Déplacés environnementaux, réfugiés climatiques, éco-réfugiés, migrants écologiques : ces différentes terminologies font écho à un phénomène global qui tend à s’intensifier, et encore insuffisamment considéré aujourd’hui dans les politiques de coopération et de solidarité internationale.

1.       Les migrations environnementales : définition équivoque et phénomène global

En 1985, le Programme des Nations unies pour l’environnement (PNUE) propose une première définition des déplacés environnementaux comme des personnes « forcées de quitter leur lieu de vie temporairement ou de façon permanente à cause d’une rupture environnementale qui a mis en péril leur existence ou sérieusement affecté leurs conditions de vie [1]». Pour l’heure, ces déplacés ne peuvent être juridiquement considérés comme des réfugiés : la Convention de Genève de 1951 ne tient pas compte des bouleversements environnementaux comme une cause de persécution. Il serait donc inadapté de parler de « réfugiés climatiques ou environnementaux ».

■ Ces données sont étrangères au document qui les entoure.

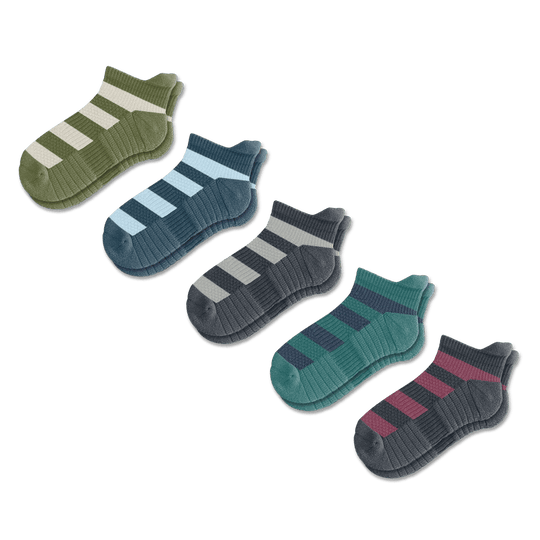 Striped Ankle Compression Socks 5-Pack Bundle
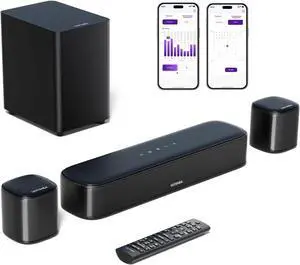 5.1ch Sound Bar with Subwoofer, Home Theater Virtual Surround System for TV, Soundbar App Control, 2 Speakers, Opt/AUX, Peak Power 250W, Aura A30 by DT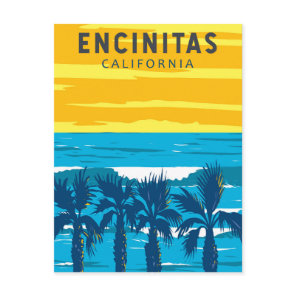 Encinitas California Travel Art Vintage Postcard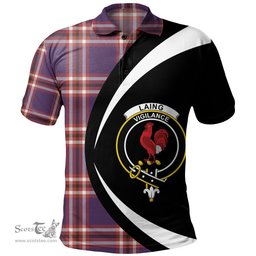 ScotsTee Shop Scottish Laing of Archiestown (Lang of Archiestown) Weathered Clan Crest Personalized Tartan Polo Shirt Circle Style Back Shirt with Your Text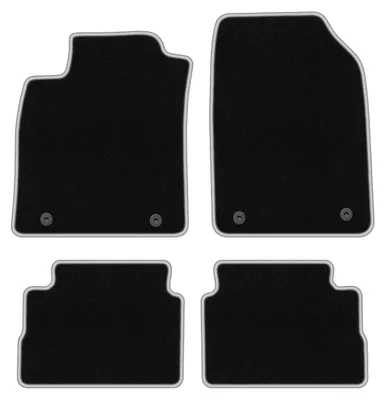 Produktbild von Fußmatten Velours Schwarz/Silber für Opel Vectra C 2002-2008 Set 4-tlg
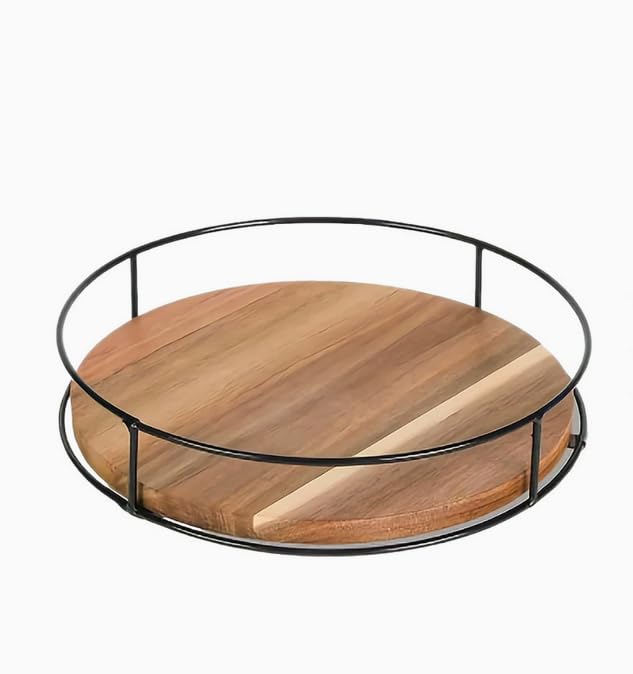 HASTHIP® Lazy Susan Giratoria de Madera de Acacia,Bandeja Redonda para Mesa y Cocina,Organizador para Alacena y Encimera Centro Mesa Decorativo Estilo Rústico
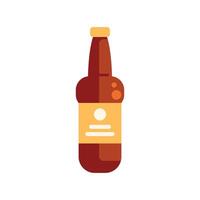 Brown beer bottle with blank label standing on white background vector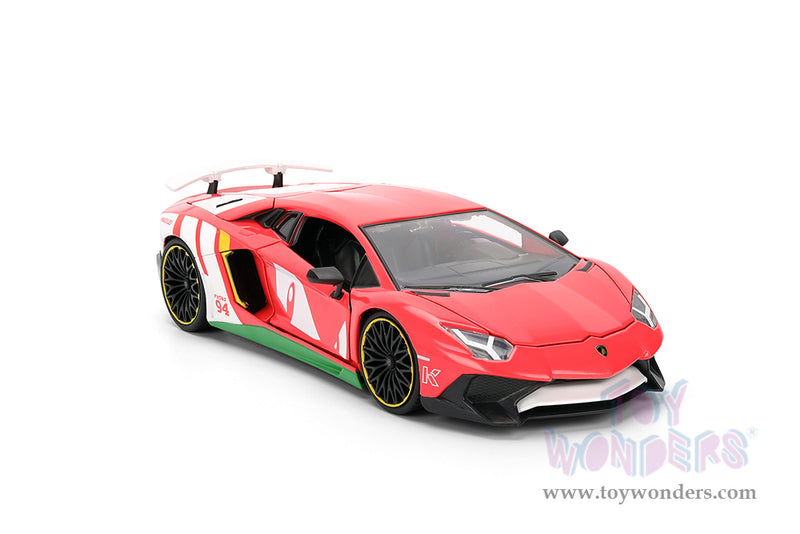 Cargue la imagen en el visor de la galería, Jada Toys - Hollywood Rides: Lamborghini Aventador Sonic The Hedgehog SV with Knuckles Figurine 1:24 Scale Car

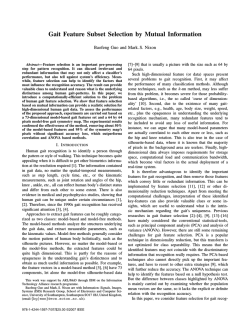 Gait Feature Subset Selection by Mutual Information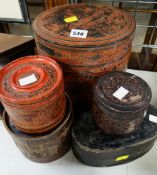 A collection of antique decorated Burmese boxes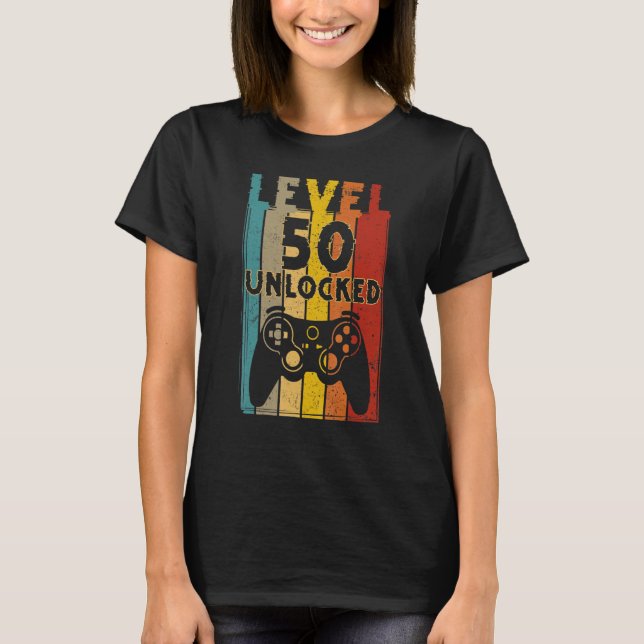 Level 50 Unlock Shirt Funny Video Gamer 50. Bir (Vorderseite)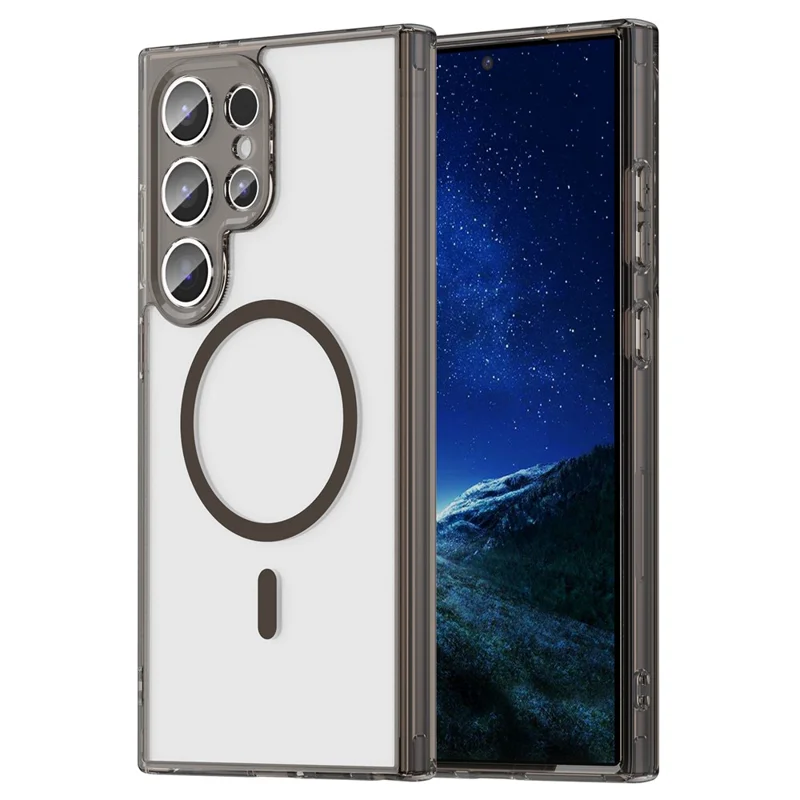 Bulk Purchasing For Samsung Galaxy S24 Ultra Magnetic Case TPU Acrylic Phone Back Cover Anti Yellowing - Black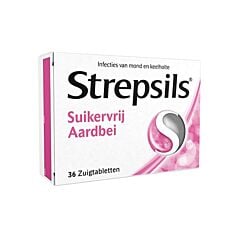 Strepsils Aardbei Suikervrij 36 Zuigtabletten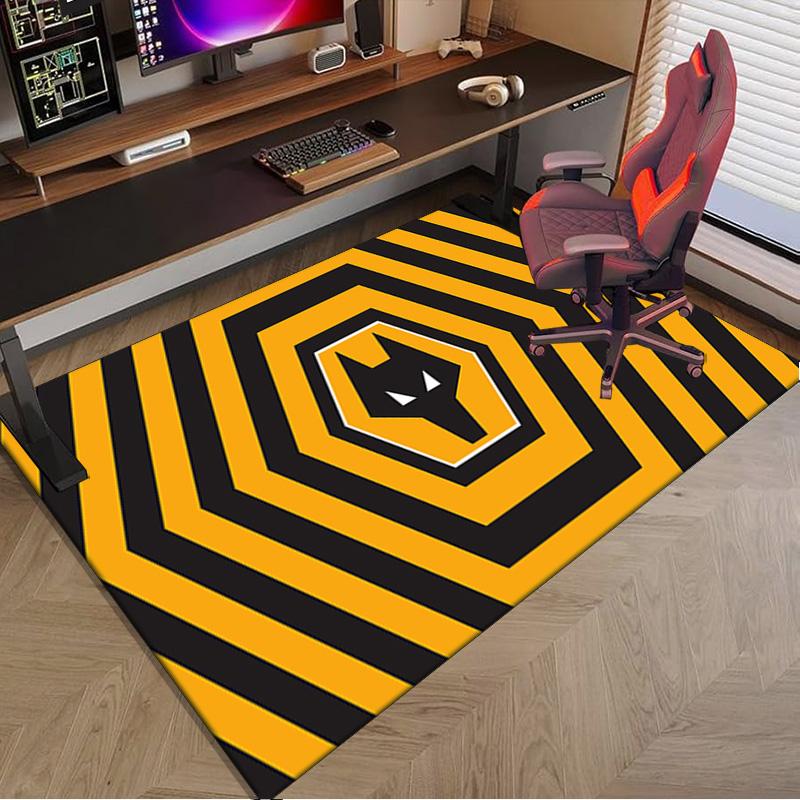 Wolves Team Emblem Printed Area Rug for Office, Chair Rug, Decorative Carpet Floor Mat, Large Size Fan gifts Christmas gifts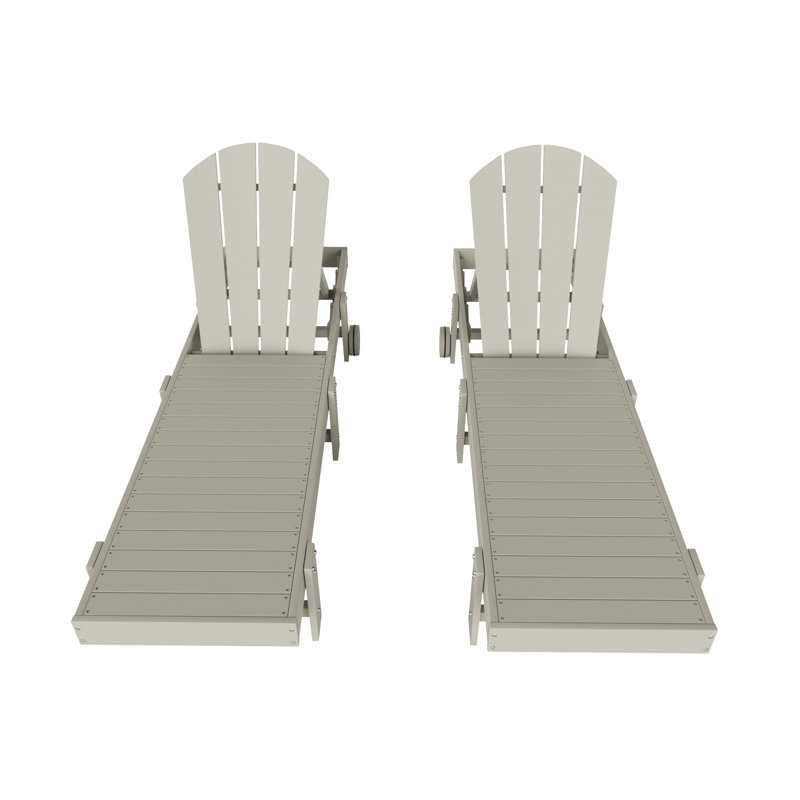 Ensemble de chaises longues inclinables extérieures en poly Lagune, Sable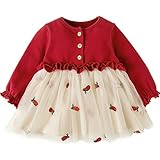 [Fairy Baby] ベビーワンピース チュチュドレス チュールスカート 長袖 ベビー服 女の子 春秋服 プリンセス風 (80, レッド)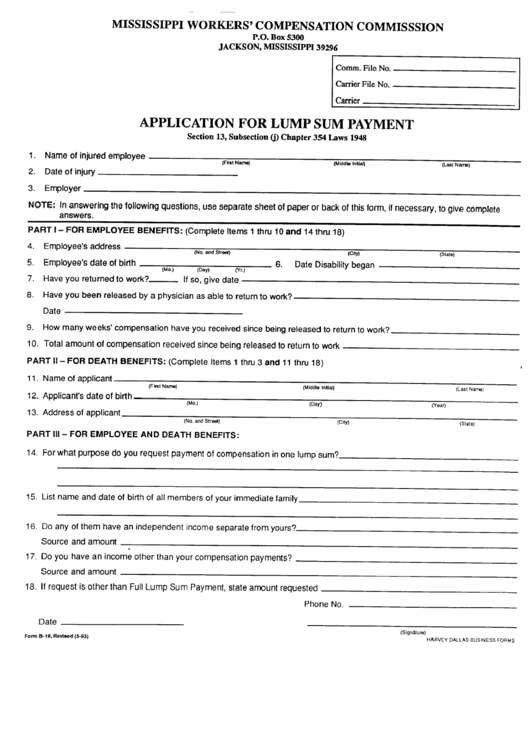Form B-19 - Application For Lump Sum Payment - Mississippi Workers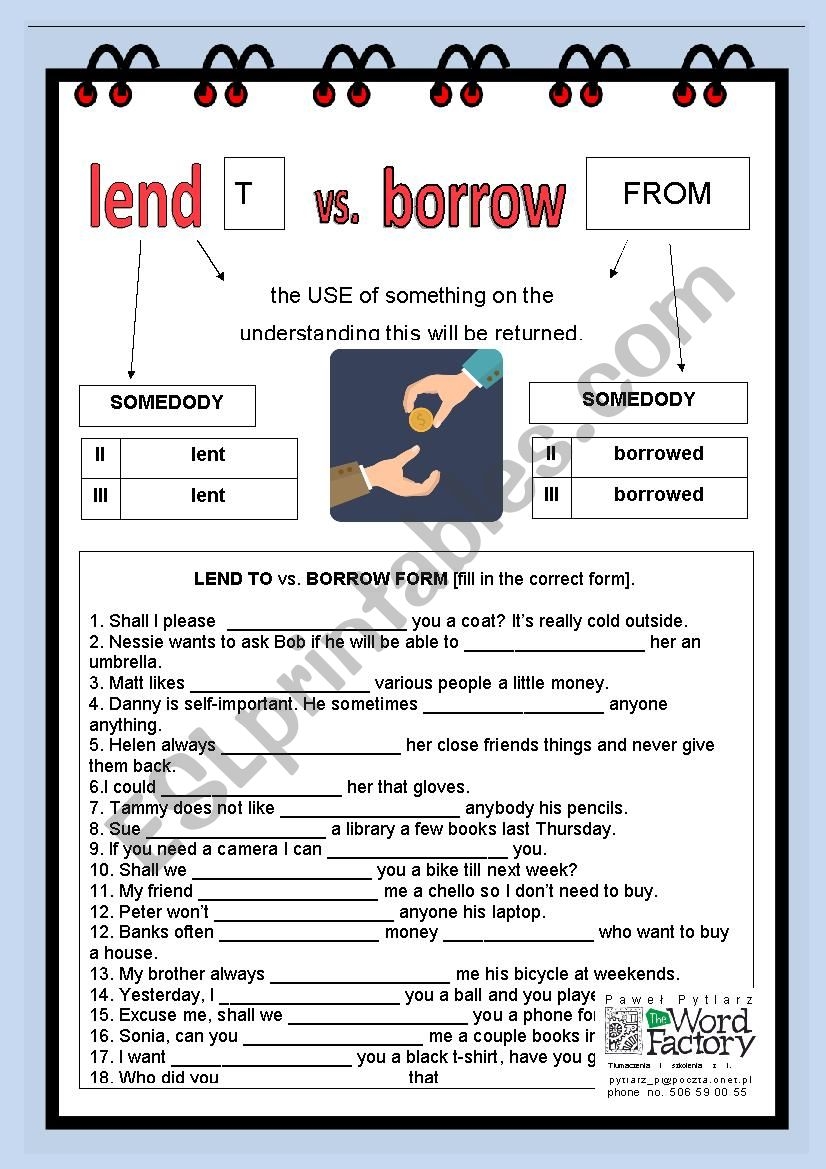 Lend Or Borrow ESL Worksheet By Pooh81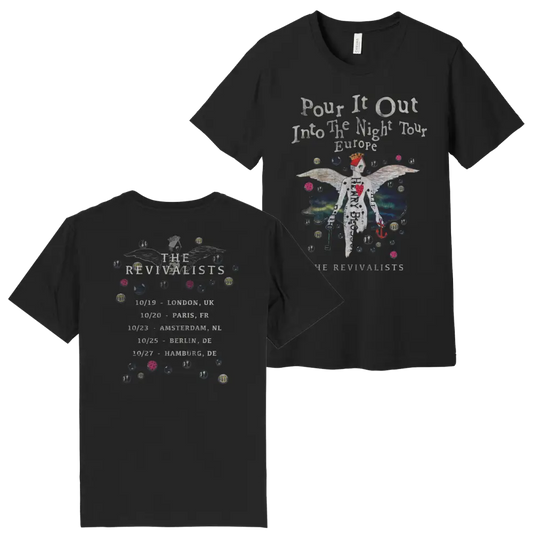 Black short-sleeved t-shirt featuring a graphic of an angelic figure with wings and the text ’pour it out into the night tour europe’ on the front, and tour dates for cities in europe printed vertically along the back.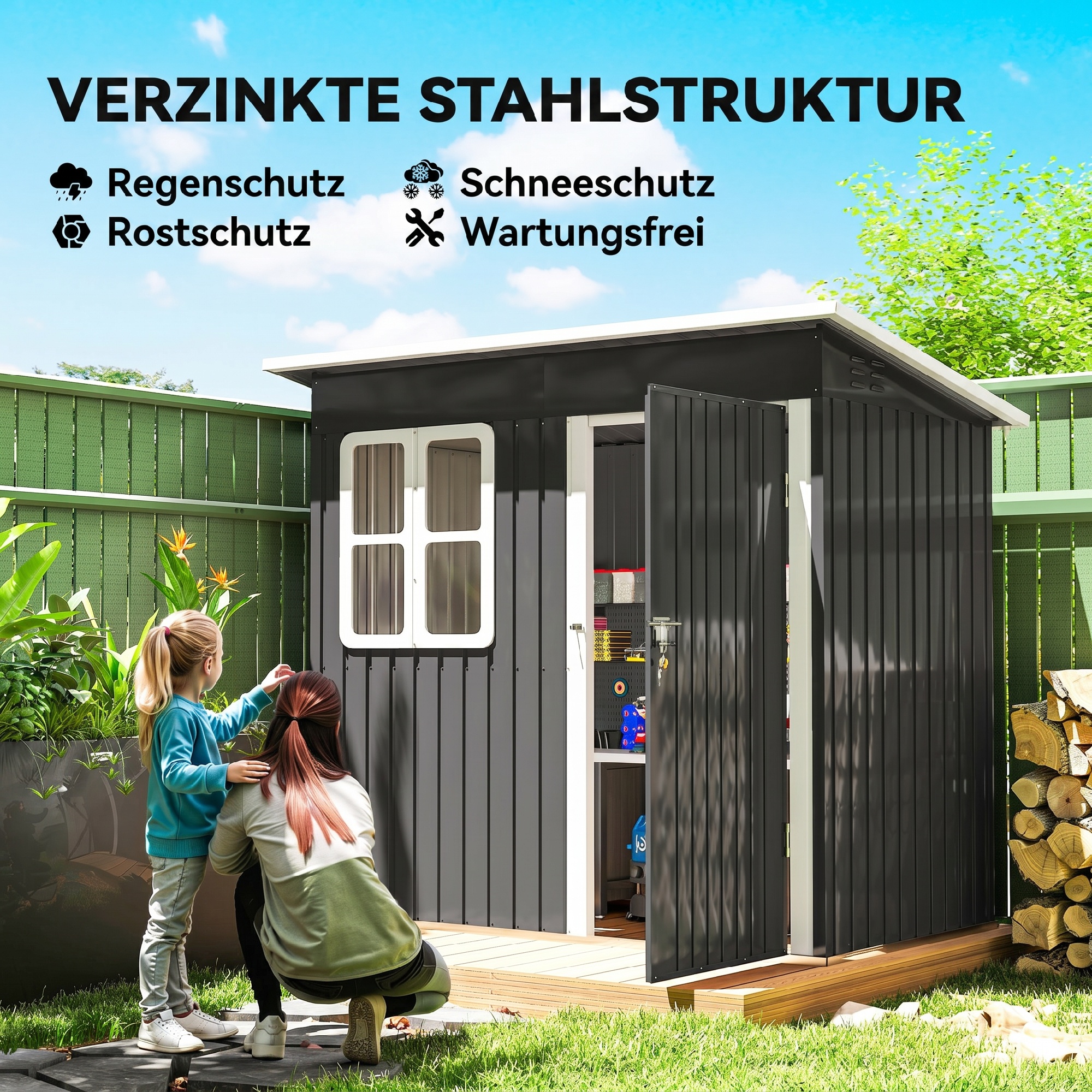Gartenschuppen, Gartenhaus mit Fenster, verschließbare Tür, für Garten, Terrasse, Stahl, 221L x 133B x 190H cm, Grau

Aujourd’hui, le lien entre dégradations environnementales et déplacements de population semble incontestable. Pour la seule année 2019, le nombre de déplacés environnementaux est estimé à 25 millions. Pire encore, l’Organisation Internationale des Migrations (OIM) estime que ce chiffre pourrait atteindre 200 millions d’ici 2050. Si ce phénomène migratoire conduit certaines personnes à quitter leur pays d’origine, on observe que la plupart des mouvements migratoires sont intra-étatiques*.

* Le Norwegian Refugee Council estime que dans huit cas sur dix, les déplacements se font au sein du pays.

2.       L’insécurité environnementale, un facteur d’aggravation des tensions existantes

Les phénomènes de dégradations environnementales, tels que les catastrophes naturelles extrêmes, la désertification des sols, ou encore la raréfaction des ressources, compromettent l’habitabilité des lieux, et conduisent à des déplacements de population massifs. Ces phénomènes accroissent les inégalités existantes et fragilisent les conditions des personnes les plus vulnérables.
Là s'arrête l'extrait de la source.